EXERCISE DETAILS >>
Copy exactly the lines of the records below, and only those lines, beginning with the line that contains "Boys Cargo Pants" and ending with the line that contains "Lucknowi Chikankari Men’s Kurta White Cotton".
INFORMATION PROVIDED below:
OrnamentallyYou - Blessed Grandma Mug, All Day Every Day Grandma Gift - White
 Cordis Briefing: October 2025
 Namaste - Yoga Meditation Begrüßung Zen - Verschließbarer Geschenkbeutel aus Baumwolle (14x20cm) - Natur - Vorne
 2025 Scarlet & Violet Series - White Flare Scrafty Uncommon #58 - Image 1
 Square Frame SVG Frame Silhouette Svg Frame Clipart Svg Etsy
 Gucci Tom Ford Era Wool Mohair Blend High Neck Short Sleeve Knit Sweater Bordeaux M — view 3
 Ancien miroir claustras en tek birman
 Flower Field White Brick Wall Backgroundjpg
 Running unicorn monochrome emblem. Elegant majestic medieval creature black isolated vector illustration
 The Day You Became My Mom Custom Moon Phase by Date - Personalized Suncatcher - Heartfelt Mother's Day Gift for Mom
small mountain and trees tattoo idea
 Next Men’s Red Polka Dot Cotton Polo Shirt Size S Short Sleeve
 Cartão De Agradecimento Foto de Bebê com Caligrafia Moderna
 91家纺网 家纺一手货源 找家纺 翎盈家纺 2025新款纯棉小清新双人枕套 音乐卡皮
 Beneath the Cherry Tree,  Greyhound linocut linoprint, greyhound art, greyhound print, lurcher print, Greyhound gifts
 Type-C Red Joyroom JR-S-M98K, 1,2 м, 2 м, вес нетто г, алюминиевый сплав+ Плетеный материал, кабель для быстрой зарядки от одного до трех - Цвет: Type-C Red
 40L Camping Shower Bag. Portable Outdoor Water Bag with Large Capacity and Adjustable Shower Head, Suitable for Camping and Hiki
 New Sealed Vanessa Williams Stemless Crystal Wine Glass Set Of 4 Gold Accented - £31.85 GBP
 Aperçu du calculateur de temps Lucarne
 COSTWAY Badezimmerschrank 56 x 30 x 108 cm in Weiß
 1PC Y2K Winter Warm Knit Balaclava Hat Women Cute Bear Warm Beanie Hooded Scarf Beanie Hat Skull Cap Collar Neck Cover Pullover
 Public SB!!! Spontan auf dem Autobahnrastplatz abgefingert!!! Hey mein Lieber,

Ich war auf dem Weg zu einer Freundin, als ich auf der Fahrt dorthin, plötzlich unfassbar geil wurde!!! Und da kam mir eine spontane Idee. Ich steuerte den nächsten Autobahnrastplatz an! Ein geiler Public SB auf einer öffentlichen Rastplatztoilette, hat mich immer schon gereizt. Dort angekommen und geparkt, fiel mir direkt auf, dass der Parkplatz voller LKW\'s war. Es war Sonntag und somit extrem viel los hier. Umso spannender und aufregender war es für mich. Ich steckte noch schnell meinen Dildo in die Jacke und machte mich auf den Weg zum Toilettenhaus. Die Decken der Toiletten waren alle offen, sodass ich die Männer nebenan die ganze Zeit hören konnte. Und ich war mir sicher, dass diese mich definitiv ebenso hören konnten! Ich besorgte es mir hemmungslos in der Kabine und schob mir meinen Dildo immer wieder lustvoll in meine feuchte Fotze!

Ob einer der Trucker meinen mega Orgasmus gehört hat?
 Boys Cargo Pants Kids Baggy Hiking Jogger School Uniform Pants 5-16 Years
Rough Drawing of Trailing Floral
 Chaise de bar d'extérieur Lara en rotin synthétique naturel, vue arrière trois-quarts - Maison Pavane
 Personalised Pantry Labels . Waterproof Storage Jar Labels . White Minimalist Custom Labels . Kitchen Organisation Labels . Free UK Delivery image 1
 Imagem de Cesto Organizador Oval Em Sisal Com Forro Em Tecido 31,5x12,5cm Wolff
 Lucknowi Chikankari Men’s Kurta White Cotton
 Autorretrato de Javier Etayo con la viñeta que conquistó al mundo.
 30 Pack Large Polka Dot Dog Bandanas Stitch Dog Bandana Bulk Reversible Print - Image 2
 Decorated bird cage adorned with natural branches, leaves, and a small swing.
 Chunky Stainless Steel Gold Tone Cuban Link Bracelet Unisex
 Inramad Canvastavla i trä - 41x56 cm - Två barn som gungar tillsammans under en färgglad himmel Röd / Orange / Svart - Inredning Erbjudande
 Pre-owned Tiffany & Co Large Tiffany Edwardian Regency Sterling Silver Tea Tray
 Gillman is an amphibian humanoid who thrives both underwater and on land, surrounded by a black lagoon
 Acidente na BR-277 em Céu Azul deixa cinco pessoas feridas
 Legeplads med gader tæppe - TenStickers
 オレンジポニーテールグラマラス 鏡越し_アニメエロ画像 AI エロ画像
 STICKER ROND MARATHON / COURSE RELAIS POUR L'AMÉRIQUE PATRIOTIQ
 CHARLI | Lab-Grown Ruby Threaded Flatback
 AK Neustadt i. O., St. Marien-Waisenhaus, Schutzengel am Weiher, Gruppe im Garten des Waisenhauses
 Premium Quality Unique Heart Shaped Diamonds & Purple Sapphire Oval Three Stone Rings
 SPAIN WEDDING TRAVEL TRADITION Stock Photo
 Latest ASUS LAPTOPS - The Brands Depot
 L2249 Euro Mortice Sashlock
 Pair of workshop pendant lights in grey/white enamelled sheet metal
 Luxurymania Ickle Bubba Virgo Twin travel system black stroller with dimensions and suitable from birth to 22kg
End of INFORMATION PROVIDED.
SOLUTION BELOW >>
 Boys Cargo Pants Kids Baggy Hiking Jogger School Uniform Pants 5-16 Years
Rough Drawing of Trailing Floral
 Chaise de bar d'extérieur Lara en rotin synthétique naturel, vue arrière trois-quarts - Maison Pavane
 Personalised Pantry Labels . Waterproof Storage Jar Labels . White Minimalist Custom Labels . Kitchen Organisation Labels . Free UK Delivery image 1
 Imagem de Cesto Organizador Oval Em Sisal Com Forro Em Tecido 31,5x12,5cm Wolff
 Lucknowi Chikankari Men’s Kurta White Cotton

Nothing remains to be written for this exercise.